How global supply chain issues affected Rotair
At the same time, Rotair, which also counts companies in Germany, Slovakia and South America among its customer base, believes that sales of breakers could be even healthier but for the well documented supply chain problems suffered by excavator manufacturers in recent years.
“There are two things to consider in this discussion,” says Andrea.
“From one side those incentives have given a lot of power to the purchase of new material in construction, mainly excavators and other equipment.
“Obviously the breaker is an accessory, so it goes together with an excavator. That’s the story of the breaker.
“But as you know a lot of manufacturers are struggling to deliver machines, and obviously in the business of hydraulic machines and excavators this has been tough.
“Despite the big quantity of orders that everybody has in hand it’s still not there, so obviously this is affecting the deliveries and the orders of the breakers themselves because they go together. So this is a challenge that we are facing now, but potentially the market could be bigger because these incentives have created a lot of business and generated a lot of business – in Italy at least.”
The importance of the rental market
When deciding to dedicate a sales operation to the United Kingdom, Rotair drew on its success in Ireland, where it already had a distributor in place.
Andrea: “Ireland was always a market for us. We have a distributor in Ireland, in the north but which is covering the whole country.
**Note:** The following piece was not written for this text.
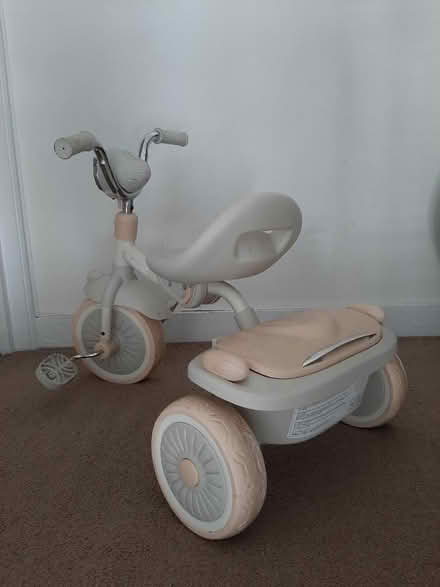 Photo of free Tricycle for toddlers (Battersea SW11) #2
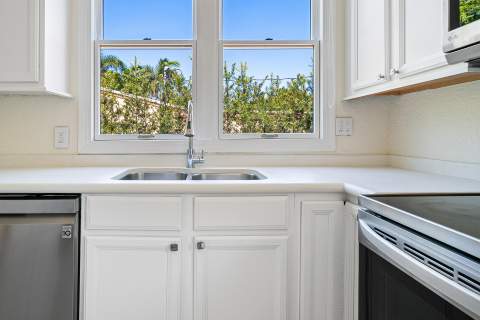 813 Avon Road, West Palm Beach FL - photo 12 of 43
And we have been selling breakers to them for many years.
“We had some collaboration in the past with some spot sales customers in the UK. The goal now is to re-establish the link with all of them, and to try and get in touch with some rental companies also because rental is a large business in the UK and this product can perfectly fit into a medium or small rental company. We will start with smaller and medium-sized rental companies and then approach the bigger ones when we can.
“It is the same in France, a new approach to business. The more products you put in the portfolio, the more opportunity for sales and business you have.”
Hydraulic breakers and the future
Rotair has built its confidence in hydraulic breakers on what it describes as the versatility and ease of use of the product, which make it attractive to customers across a range of markets. As such it feels that business outside Italy to continue its upward trend, and will continue with technological change in machine drive technology, whether electric or hydrogen.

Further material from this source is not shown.